The number of backup threads is controlled using the environment variable INKO_BACKUP_THREADS and defaults to four times the number of CPU cores. The monitor thread runs at an interval of 100 microseconds, though the exact interval may differ between platforms. This interval can't be changed.

Timeouts

Processes can suspend themselves with a timeout, or await a future for up to a certain amount of time. A separate thread called the "timeout worker" handles managing such processes. The timeout worker uses a binary heap for storing processes along with their timeouts, sorting them such that those with the shortest timeout are processed first.

When a process suspends itself with a timeout, it stores itself in a queue owned by the timeout worker.

The timeout worker performs its work in these steps:

Move messages from the synchronised queue into an unsynchronised local FIFO queue
Defragment the heap by removing entries that are no longer valid (e.g. a process got rescheduled before its timeout expired)
Process any new entries to add into the heap
Sleep until the shortest timeout expires, taking into account time already spent sleeping for the given timeout
Repeat this cycle until we shut down

If the timeout worker is asleep and a new entry is added to the synchronised queue, the worker is woken up and the cycle starts anew.

Memory management

The VM uses the system allocator for allocating memory. You can also build the VM with jemalloc support as follows:

cargo build --release --features jemalloc

The use of jemalloc is recommended for production environments that don't already use jemalloc as the system allocator.
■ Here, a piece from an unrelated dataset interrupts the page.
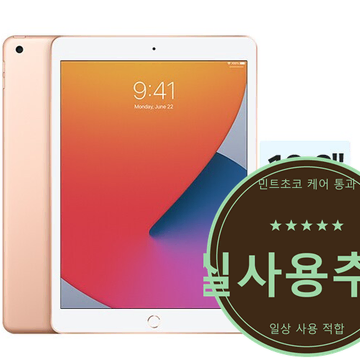 iPad 8세대 32GB 그레이 Apple Pencil 1세대 포함 | 태블릿 | 번개장터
In earlier versions of Inko we used a custom allocator based on Immix. We moved away from this for the following reasons:

The implementation was quite complex and difficult to debug
Immix suffers from fragmentation, and without a GC (what it's designed for) it's hard to clean up the fragmentation
Our implementation was unlikely to outperform highly optimised allocators such as jemalloc, so we figured we may as well use an existing allocator and direct our attention elsewhere

FFI

The VM provides an FFI using libffi. By default the VM builds libffi from source, but you can use a system wide installation of libffi by building Inko as follows:

cargo build --release --features libffi-system

To use the FFI, the VM provides a few built-in functions such as ffi_library_open and ffi_function_attach, called using the BuiltinFunctionCall instruction.

Bytecode format

The VM uses a custom bytecode format and is subject to change. The best way to understand how it works is to look at the source code of the Image type in the VM, found in vm/src/image.rs.

VM instructions need 12 bytes of space and support up to 5 arguments.

The VM provides the instruction GetConstant to read a constant (e.g. a string literal) into a register. When the compiler generates these instructions, it encodes a module-local constant index into the instruction. When the VM loads the bytecode it rewrites these instructions to include a pointer to the constant. This means that at runtime a GetConstant instruction just interprets its arguments as a pointer and stores it in a register, instead of having to deference several pointers and look up a value in an array using an index.

Method dispatch

The VM supports two ways of calling regular methods: virtual dispatch and dynamic dispatch. For virtual dispatch the VM reads the class of a receiver, then looks up the method in the class' method table.

For dynamic dispatch we use hashing. The hash code for a method is based on its name and generated at compile time by the bytecode compiler. The hash is embedded into the instruction as an argument. To handle conflicts, the VM uses linear probing. Due to rounding method table sizes up to the nearest power of two (based on its raw/initial size), conflicts are quite rare and a method can be found in at most a few probes. The VM doesn't perform inline caching, though we may implement this in the future.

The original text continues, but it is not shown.